Middle-English is referred to as a distinct language which you can study.




"Distinct" is pushing it a little. Compare the Canterbury Tales with original wording but modern spelling here ( http://academic.brooklyn.cuny.edu/webcore/murphy/canterbury/ )

    But first I make a protestation
    That I am drunk; I know it by my sound
    And therefore, if that I misspeak or say,
    Wit it the ale of Southwark, I you pray
    For I will tell a legend and a life
    Both of a carpenter and of his wife
The spelling isn't even that different (though the pronunciation is more so); compare the fifteenth-century spelling from www.chaucermss.org (multitext edition):

    But first I make a protestacioun
    That I am dronke / I knowe it by my sown
    And therfore / if รพ I mysspeke / or seye
    Wite it / the ale of Southwerk I preye
    For I wol telle a legende and a lyf
    Bothe of a Carpenter / and of his wyf
(The slashes appear in the fifteenth-century text; I'm not sure what they indicate.)

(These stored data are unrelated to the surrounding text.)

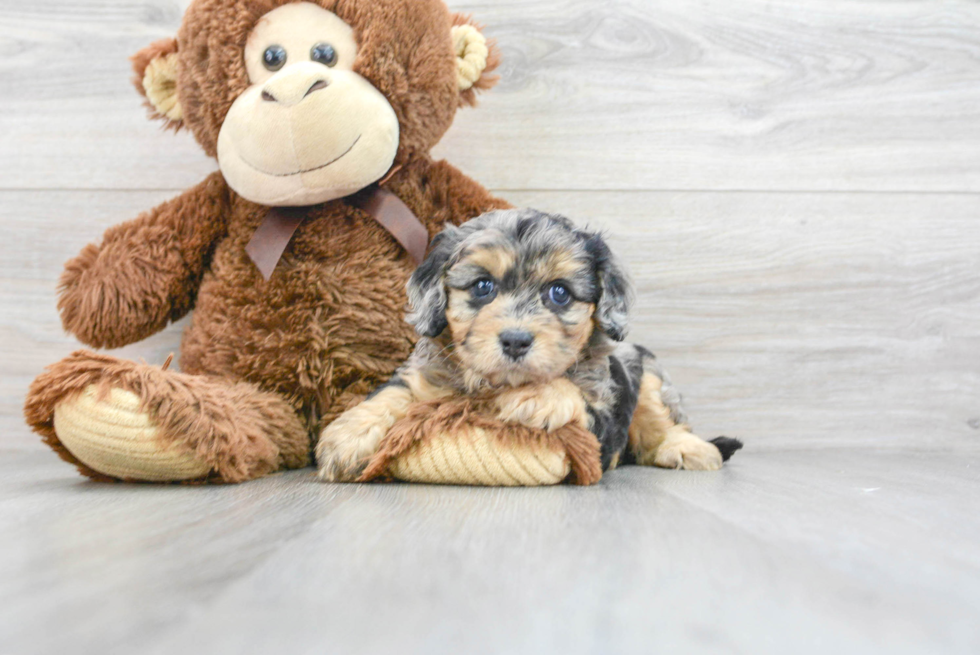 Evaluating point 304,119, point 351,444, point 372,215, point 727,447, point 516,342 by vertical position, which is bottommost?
point 727,447

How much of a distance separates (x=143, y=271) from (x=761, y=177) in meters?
1.65

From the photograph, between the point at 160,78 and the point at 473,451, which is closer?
the point at 473,451

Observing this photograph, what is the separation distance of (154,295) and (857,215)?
189 centimetres

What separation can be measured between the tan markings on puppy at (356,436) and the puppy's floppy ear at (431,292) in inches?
6.3

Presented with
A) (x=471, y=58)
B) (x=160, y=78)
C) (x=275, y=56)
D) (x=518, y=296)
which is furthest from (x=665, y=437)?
(x=160, y=78)

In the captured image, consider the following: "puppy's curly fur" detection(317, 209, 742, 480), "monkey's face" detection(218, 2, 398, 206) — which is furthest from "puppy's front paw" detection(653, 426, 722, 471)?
"monkey's face" detection(218, 2, 398, 206)

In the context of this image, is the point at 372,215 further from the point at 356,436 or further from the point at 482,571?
the point at 482,571

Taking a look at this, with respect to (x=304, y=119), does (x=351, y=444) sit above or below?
below

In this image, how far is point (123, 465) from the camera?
4.47 feet

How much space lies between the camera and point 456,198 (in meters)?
1.82

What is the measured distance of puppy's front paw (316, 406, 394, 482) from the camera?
1.43 m

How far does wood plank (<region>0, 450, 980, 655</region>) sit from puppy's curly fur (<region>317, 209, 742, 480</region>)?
16 centimetres

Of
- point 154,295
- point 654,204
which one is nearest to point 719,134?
point 654,204

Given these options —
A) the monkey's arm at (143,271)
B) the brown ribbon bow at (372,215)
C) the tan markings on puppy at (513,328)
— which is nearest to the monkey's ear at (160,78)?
the monkey's arm at (143,271)
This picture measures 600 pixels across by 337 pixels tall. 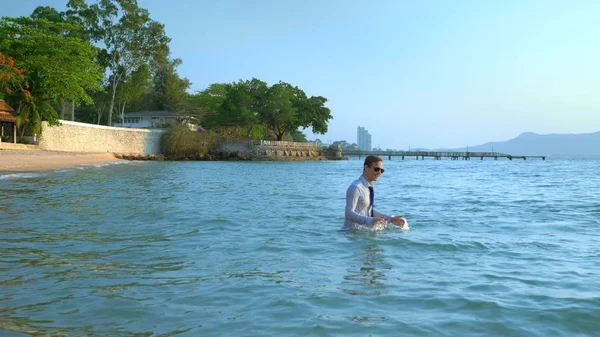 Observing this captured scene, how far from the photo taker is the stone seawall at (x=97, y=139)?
42750mm

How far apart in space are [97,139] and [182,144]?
1108 centimetres

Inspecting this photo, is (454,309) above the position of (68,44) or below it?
below

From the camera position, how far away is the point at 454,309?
4.13 m

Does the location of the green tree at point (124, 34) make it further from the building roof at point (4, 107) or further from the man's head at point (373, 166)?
the man's head at point (373, 166)

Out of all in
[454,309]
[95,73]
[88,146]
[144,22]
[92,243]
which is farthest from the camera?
[144,22]

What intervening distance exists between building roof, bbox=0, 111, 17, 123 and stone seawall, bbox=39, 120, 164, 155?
16.3 feet

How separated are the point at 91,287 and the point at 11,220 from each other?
5148 mm

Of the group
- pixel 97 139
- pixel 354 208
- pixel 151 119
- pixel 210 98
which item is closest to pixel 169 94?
pixel 210 98

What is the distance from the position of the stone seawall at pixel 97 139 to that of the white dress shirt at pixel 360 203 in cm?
3974

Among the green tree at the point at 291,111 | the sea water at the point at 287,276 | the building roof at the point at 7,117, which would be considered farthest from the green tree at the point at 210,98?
the sea water at the point at 287,276

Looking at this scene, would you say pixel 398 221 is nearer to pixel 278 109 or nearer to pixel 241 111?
pixel 241 111

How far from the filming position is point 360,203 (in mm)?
7285

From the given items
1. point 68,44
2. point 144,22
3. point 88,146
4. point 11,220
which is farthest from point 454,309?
point 144,22

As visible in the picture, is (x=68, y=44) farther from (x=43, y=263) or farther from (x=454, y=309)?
(x=454, y=309) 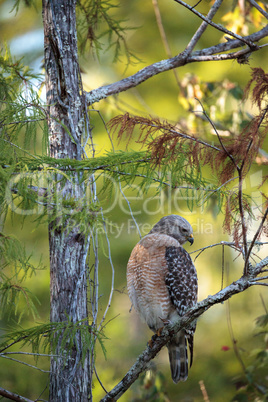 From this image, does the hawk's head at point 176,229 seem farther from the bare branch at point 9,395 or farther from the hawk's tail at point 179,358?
the bare branch at point 9,395

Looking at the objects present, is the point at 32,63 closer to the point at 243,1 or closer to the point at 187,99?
the point at 187,99

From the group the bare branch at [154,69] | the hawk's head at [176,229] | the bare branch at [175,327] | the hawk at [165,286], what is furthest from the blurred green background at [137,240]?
the bare branch at [175,327]

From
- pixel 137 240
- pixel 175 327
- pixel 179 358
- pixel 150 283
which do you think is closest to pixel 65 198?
pixel 175 327

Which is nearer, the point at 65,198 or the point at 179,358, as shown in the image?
the point at 65,198

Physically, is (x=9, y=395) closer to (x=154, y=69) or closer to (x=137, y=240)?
(x=154, y=69)

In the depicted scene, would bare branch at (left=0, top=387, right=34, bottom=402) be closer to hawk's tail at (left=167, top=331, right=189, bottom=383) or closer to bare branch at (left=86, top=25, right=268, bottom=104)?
hawk's tail at (left=167, top=331, right=189, bottom=383)

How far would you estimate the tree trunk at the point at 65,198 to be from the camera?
3547 mm

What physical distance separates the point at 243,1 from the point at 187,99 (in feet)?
4.35

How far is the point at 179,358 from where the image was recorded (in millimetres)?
4594

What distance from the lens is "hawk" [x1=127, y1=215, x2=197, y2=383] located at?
173 inches

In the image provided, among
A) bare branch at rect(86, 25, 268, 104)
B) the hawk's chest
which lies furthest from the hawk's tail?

Modern English and Middle English aren't quite mutually intelligible, but if you were somehow dropped into England in 1420, you'd probably be conversational inside of a month.


Mutual intelligibility is rarely the only reason for calling a different langauge different. E.g the scandinavian langauges are relatively easily mutually intelligible, so is Czech and Slovak, yet they are called different languages mainly for political reasons. On the other hand, many of the Chinese "dialects" are not even alike, yet they are still considered one language for political reasons. Even perhaps more familiar "Black English" is usually considered to be nothing more than English with bad grammar, even though it's very clearly a distinct language of its own, that is not readily mutually intelligible with standard american English.


You just have a quirky understanding what a language actually is. Language names are given and defined in language themselves, and it does make a world of a difference if you say you speak Swedish, Danish, or Norwegian, even though they are quite MI among each other, and even somewhat MI with German.

Linguists do refer to different languages in China, which are referred to by the government as dialects. So there is much more to it than politics. In your definition probably the whole Indo-Germanic family from Norwegian to Farsi or Hindi would be one language.